Photo: DTU
Photo: DTU Wind Energy
Photo: DTU Wind Energy
Photo: DTU Wind Energy

They break turbine blades at Risø

Wind energy Energy efficiency Energy production Engineering
Experiments run in a test hall on DTU Risø Campus demonstrate when, where and how turbine blades break.

The 300 m2 test hall at DTU Risø Campus can easily house a 30-metre wind turbine blade—and heavy equipment to pull on the blade until it breaks with a loud crash. In the course of the past four years, no fewer than three blades have been subjected to this harsh treatment, which has provided essential knowledge for blade manufacturers—and which at the end of the day, can lead to better, cheaper and safer design.

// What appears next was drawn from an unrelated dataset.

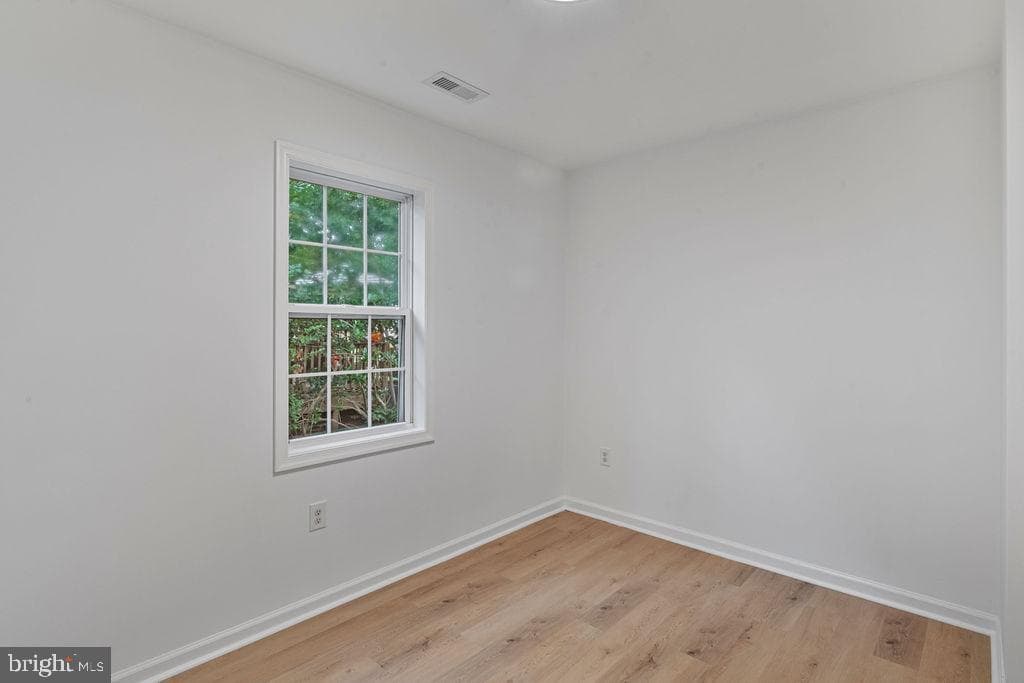 905 Hanover Street photo 25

At first glance, a wind turbine seems to embody a simple streamlined design, but it actually consists of between 7,000 and 8,000 separate parts. The blade section itself is composed of several thousand parts glued together. The glue joins are often the weak points of the blades, but there may also be other reasons why a blade buckles under the constant pressure from the wind and gravity, or why it collapses under the extreme load applied by sudden and powerful gusts of wind.

If a turbine blade breaks while operating, the accident may, of course, have fatal consequences. That is why, on the one hand, the blade must be built to a given level of strength. On the other hand, however, time, money and resources can all be saved by ensuring the blade is not overly robust. It is ‘simply’ a matter of finding the right balance. Turbine manufacturers are therefore keenly interested in the destruction tests that can be run in DTU Wind Energy’s test hall.

 Illustration: DTU Wind Energy
The process in which the wind turbine blade buckles under the heavy load in the test hall is carefully documented—here using video recordings, which are compared against computer calculations. 

Traction to destruction
When running a destruction test, the turbine blade is strapped onto a test bench, where it can be twisted and turned at various angles to simulate the power of the wind combined with gravity. A static load exerts downward pressure at four selected points along the blade, distorting the blade several metres from its standard position until it finally succumbs to the pressure and fragments. The entire process is documented with both video cameras and a variety of specially developed measuring instruments.

Before the huge traction machines are attached to the blades, researchers perform a series of calculations intended to identify the weakest spot of the blade in question.


Photo: DTU Wind Energy 
 

 

Before testing begins, the researchers perform a series of calculations and simulations to determine the blade’s weakest point.

“Wind turbine blades work just like the wings of an aircraft in that they are subjected to suction on the upper side and pressure on the underside when the wind strikes the blade. And what causes an aircraft to take off, causes the rotor on a wind turbine to turn. This load is called the wind load. The second load to which the blade is subjected is gravity. If the load exceeds the blade strength, it breaks—and it is precisely the combination of the two loads on which we have made our calculations,” explains Senior Researcher Kim Branner, DTU Wind Energy, the man behind the four-year research project‘Experimental Blade Research’.

Focus on industry needs
One of the participants in the research project is the company LM Wind Power, which has produced more than 175,000 wind turbine blades since 1978 and is today the world’s leading supplier of wind turbine blades.

“Our role has been to provide industrial input. What are the challenges we are working on right now and what areas do we believe require further research? And we actually feel we’ve been listened to,” says Chief Engineer Torben Lindby. 

 Photo: DTU Wind Energy  

 

Two cameras mounted on the blade enable researchers to see exactly what happens inside the bonded joint as the blade breaks.

 

New measuring equipment

Wind turbine blades consist of several thousand individual parts which are assembled using bonded joints. And bonded joints are precisely one of the blade’s weak points. The researchers therefore wanted to measure exactly what happens in the bonded joints when the entire blade is subjected to the load—a measurement that is difficult to make, as the blade buckles outwards for several metres during the experiment. It was therefore necessary to develop a new type of measuring equipment.

The measuring equipment consists of two digital cameras, a reference plate and a stick, which are connected to both sides of the blade around the trailing edge glue joint. The way in which the pin moves gives the researchers a detailed picture of what is happening inside the glue joints, and this is documented by the two cameras. “When our two eyes each see a 2D picture of reality from two different angles, our brain forms a 3D picture by combining the two images.

The same thing applies to the two cameras: The local deformation of the trailing edge of a wind turbine blade is examined from two different angles, and thus we get an idea of why it breaks,” says Senior Researcher Kim Branner, DTU Wind Energy, who adds: “Fortunately, the measurements showed that our calculations correspond well to real conditions.”